Former Energy Minister Chris Skidmore has launched a net zero review aiming to maximise economic growth, increase energy security and ensure affordability in the fight against climate change.
The rapid three-month review has been launched by the Business and Energy Secretary Jacob Rees-Mogg to review the government’s approach in delivering its net zero by 2050 target.
The independent review will highlight areas to improve and could optimise the UK’s approach to reaching net zero and lowering carbon emissions. It will also ensure a just transition is achieved in all corners of the UK, making sure no one is left behind or excluded.
“I’m kicking off a three-month review today to find the best ways of making this happen – speaking to as many people in as many sectors and regions as possible, to ensure the review generates fresh policy ideas that can ensure we deliver a ‘big bang’ moment for net zero,” Skidmore said.
Skidmore will examine what the most pro-business, pro-growth and economically efficient path to reaching net zero is, how to maximise the economic opportunities that the target presents as well as increase innovation, investment, exports and jobs and what the economic costs and benefits are associated with new and emerging policies and technologies.
This will consider a range of evidence, consultations with consumers, investors, industrial leaders and experts in fields such as energy, land use and transportation.
By the end of 2022, Skidmore will return with a set of recommendations that can help support the UK in its goal of maximising the benefits of the energy transition and journey towards net zero emissions.
“The UK continues to lead the world on tackling climate change, having been the first G7 country to commit in law to net zero carbon dioxide emissions by 2050,” said Skidmore.
“This review seeks to ‘double down’ on how we can ensure that our energy transition happens at the same time as maximising the economic opportunity for businesses and households across the country, providing huge opportunities for innovation, investment, exports and jobs.

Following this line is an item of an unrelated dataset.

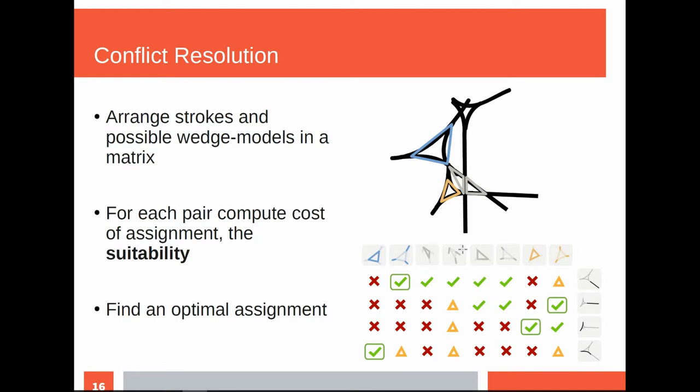We organize this into an assignment matrix. On one side we have our data set — the strokes which the artist took — and on the other side we have the possible interpretations of wedges. We try to find an optimal assignment so that we can say our interpretation for a given wedge is correct because the artist took these specific strokes. Other interpretations are worse and that is why we do not choose them.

I want to ensure that net zero isn’t just viewed as the right thing to do for our environment – but becomes an essential driver of economic growth.”
One crucial aspect of the net zero journey is currently at risk. Without reform of the market, the UK will miss its 2035 electricity decarbonisation target, according to a new report from centre-right think tank Onward.
According to the think tank, there are five key questions the review needs to answer, including how the UK’s electricity system be operated affordably and securely with lots of renewables, how markets can fairly reflect the costs and benefits of different generators and customers, and how the link between gas prices and electricity bills can be broken.
These could well be addressed in the upcoming review.
The renewables sector received a boost last week with Chancellor Kwasi Kwarteng having unveiled the UK Government’s prospective Growth plan aiming to reduce the cost of energy bills, at an expected cost of £31 billion over its first six months.
One of the primary inclusions, which has seen a positive response from the energy industry, is the return of support incentives for the development of onshore wind – one of the cleanest and cheapest methods of generating green energy.
This could grant a much-needed boost to the UK decarbonisation and net zero targets.